# [About this task]
Reproduce every line of the data, exactly and without its pictures.

# [Provided data]
• • • • • • •

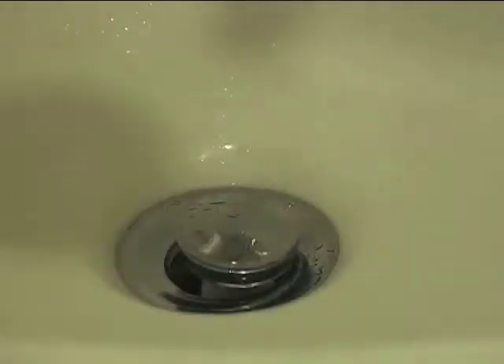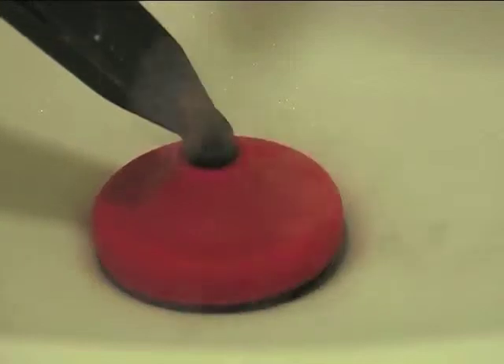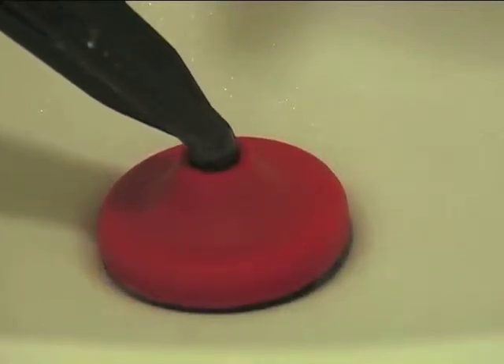The plumber's helper opens slow drains and clears clogs in tubs, bathroom, and kitchen sinks. The heat melts through the grease, food debris, hair, and soap scum, and the pressure blasts it down the drain.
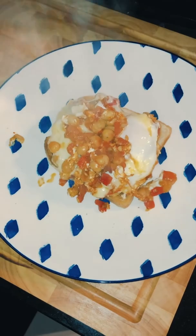Hi, I'm Cam, I'm the marketing director of Patisserie Valerie. So today I'm going to be cooking a Moroccan spiced egg and chickpea open sandwich.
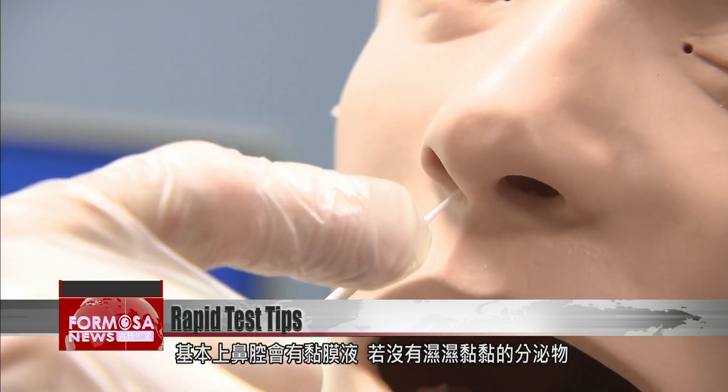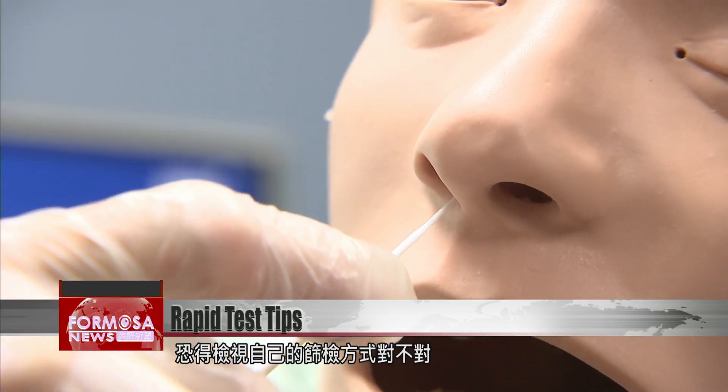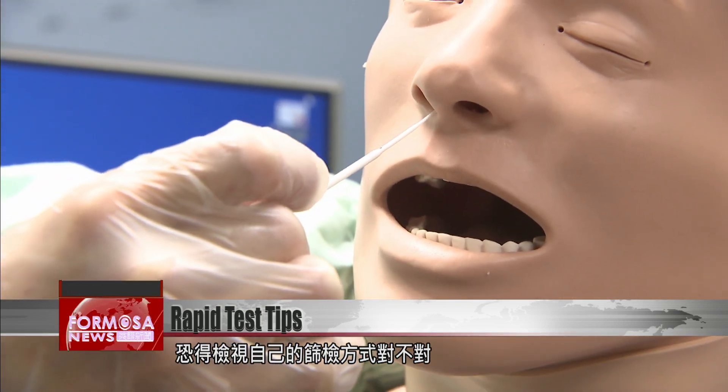The nasal cavity is covered in a mucus membrane, so if the swab comes out clean, it could be that the test was administered incorrectly.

• • • • • • •

# [Task result]
The plumber's helper opens slow drains and clears clogs in tubs, bathroom, and kitchen sinks. The heat melts through the grease, food debris, hair, and soap scum, and the pressure blasts it down the drain.
Hi, I'm Cam, I'm the marketing director of Patisserie Valerie. So today I'm going to be cooking a Moroccan spiced egg and chickpea open sandwich.
The nasal cavity is covered in a mucus membrane, so if the swab comes out clean, it could be that the test was administered incorrectly.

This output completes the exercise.